Have a look at xoxide as well for cases, they have a good selection

http://www.xoxide.com/pccases.html


----------



## redsunx (Apr 5, 2007)

i know to remove the psu my computer sposed to a computer not a bonfire pit :wink:


----------



## Kalim (Nov 24, 2006)

Out of those two I'm with the APEVIA X-Dreamer II. But they're not my usual choices mainly because of the lack of 120mm fans.


----------



## redsunx (Apr 5, 2007)

i have a ton of 120mm fans so im good there and i sorta agree the dreamer just looks rommier and cooler


----------



## Kalim (Nov 24, 2006)

redsunx said:


> i have a ton of 120mm fans so im good there and i sorta agree the dreamer just looks rommier and cooler


Can you fit 120mm fans in the Dreamer?


----------



## redsunx (Apr 5, 2007)

yeah by the screw holes looks like 80mm,120mm,200mm i think


----------



## Kalim (Nov 24, 2006)

Yeah that's possible, but obviously not by default. 80mm looks to be default which get too loud where effectiveness is concerned.


----------



## redsunx (Apr 5, 2007)

*Re:[RESOLVED] cant decide!*

like i said ive never really had a problem with cooling
but other then that think ill get the dreamer II


----------



## ebackhus (Apr 21, 2005)

My neighbor has the X-Dremaer II case. Inside is an MSI K8N Diamond with a 3800X2, BFG 7600GT OC, 2GB PC3200, and a 120GB SATA HDD.
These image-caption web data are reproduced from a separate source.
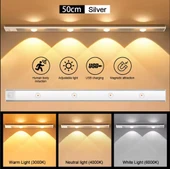 4 LED 50 CM HAREKET SENSÖRLÜ LED IŞIK TEZGAH ALTI OFİS EV LED LAMBA thumbnail 1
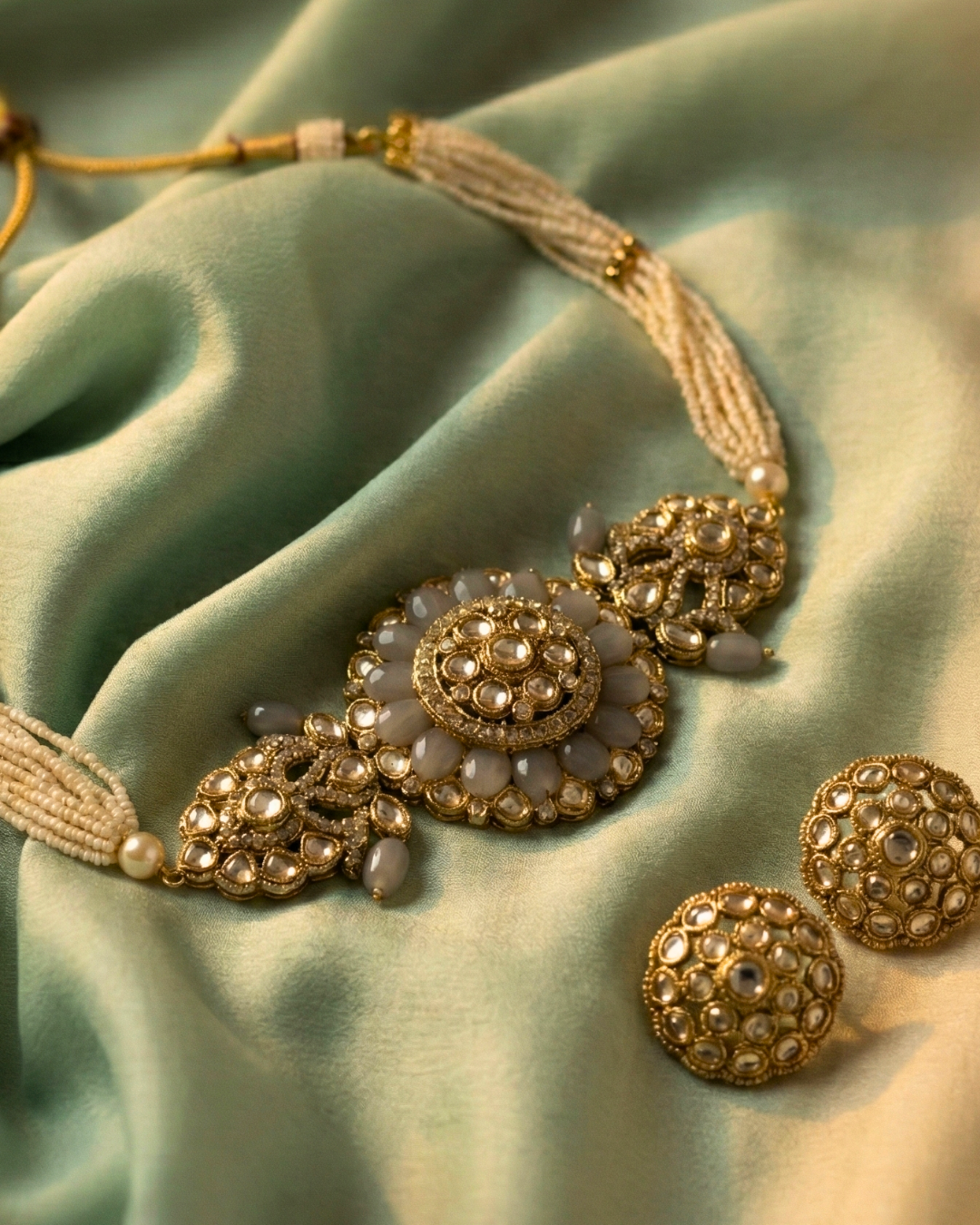Nizam-e-Khaas Pearl Choker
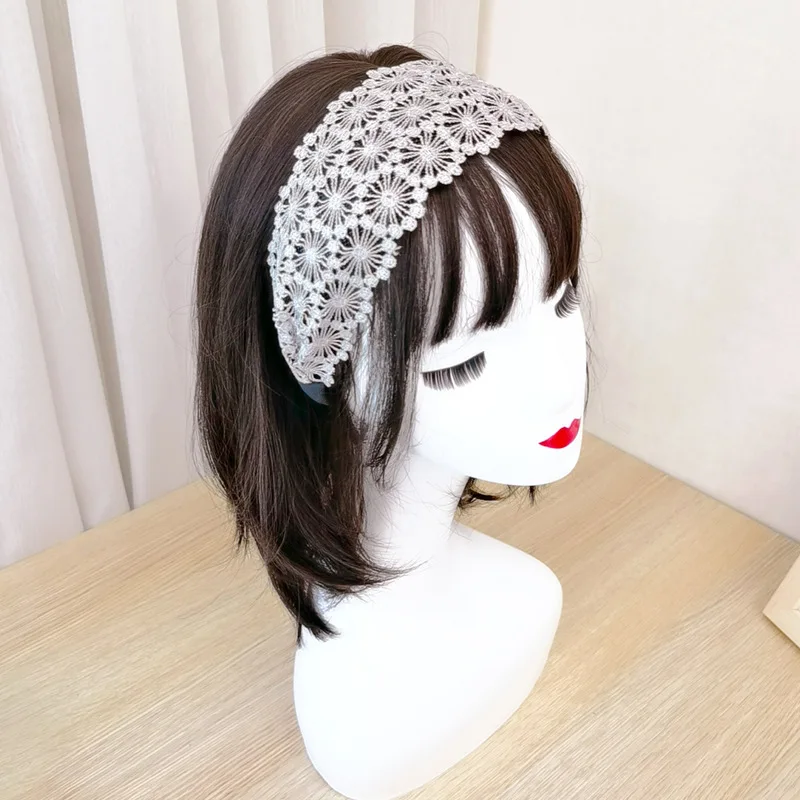 Spitze Haar Hoop Breite Edgel Diademas Erschüttert Haar Sonnenblume mit Zähne Mode Anti-slip Stirnband Haar Zubehör für Frauen – Detail 8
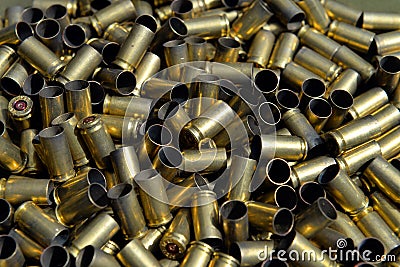 Used ammunition Stock Photo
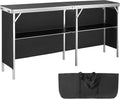 VEVOR Extra Long Folding Portable Bar Tradeshow Podium Table by VEVOR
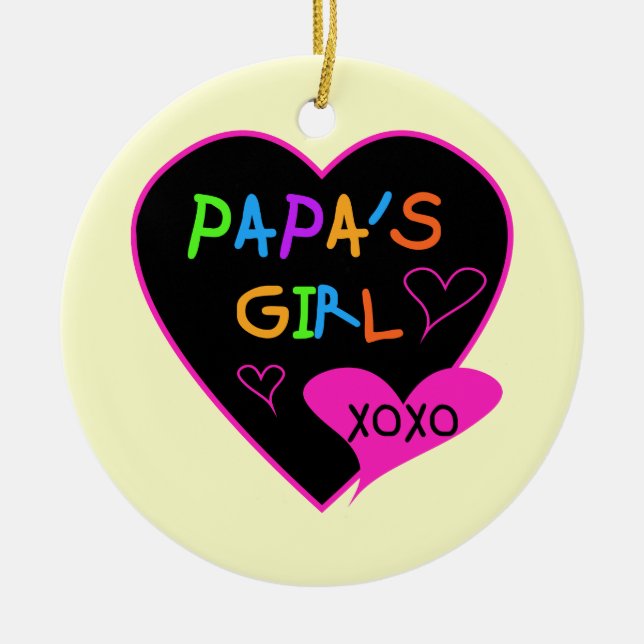 Adorno De Cerámica Camisetas del chica de la papá, gorras, tazas, (Frente)
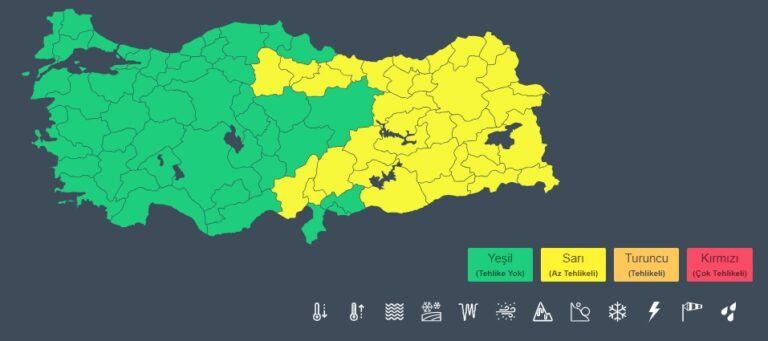 Gümüşhane’ye sarı kodlu uyarı!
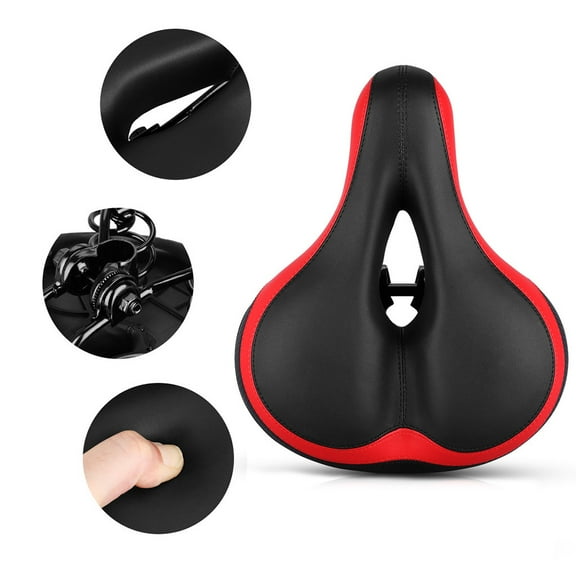 karymi Comfort Wide Big Bike Bicycle Gel Cruiser Extra Sporty Soft Pad Saddle Seat Holiday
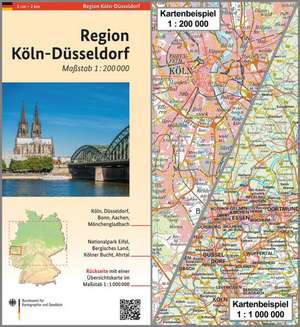 Regionalkarte 1 : 200 000 Region Köln-Düsseldorf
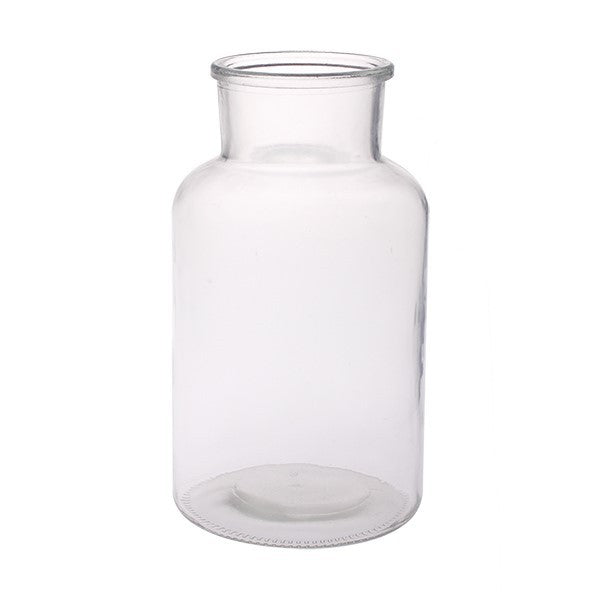 Clear Apothecary Bottle Glass Vase (25cm)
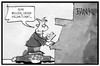 Cartoon: Unterlassene Hilfeleistung (small) by Kostas Koufogiorgos tagged karikatur,koufogiorgos,illustration,cartoon,hilfeleistung,bank,ignoranz,kunde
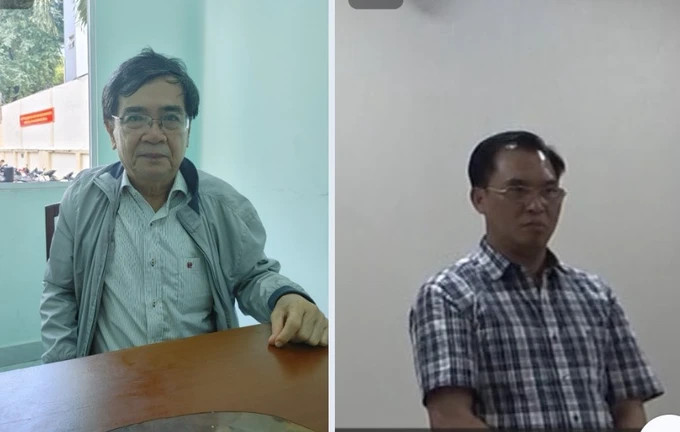 Bị can Năng và bị can Chinh tại cơ quan công an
It gets hot in there. The lights are also very bright. I started the thread about a LED controller because they are so bright and we wanted to take it down a notch. If you go with it I suggest using a Dremel or power drill to bore out the holes on the fan grates for more air flow.


----------



## redsunx (Apr 5, 2007)

hmmmm ok i might just leave the case side open or something but drilling the who sounds good


----------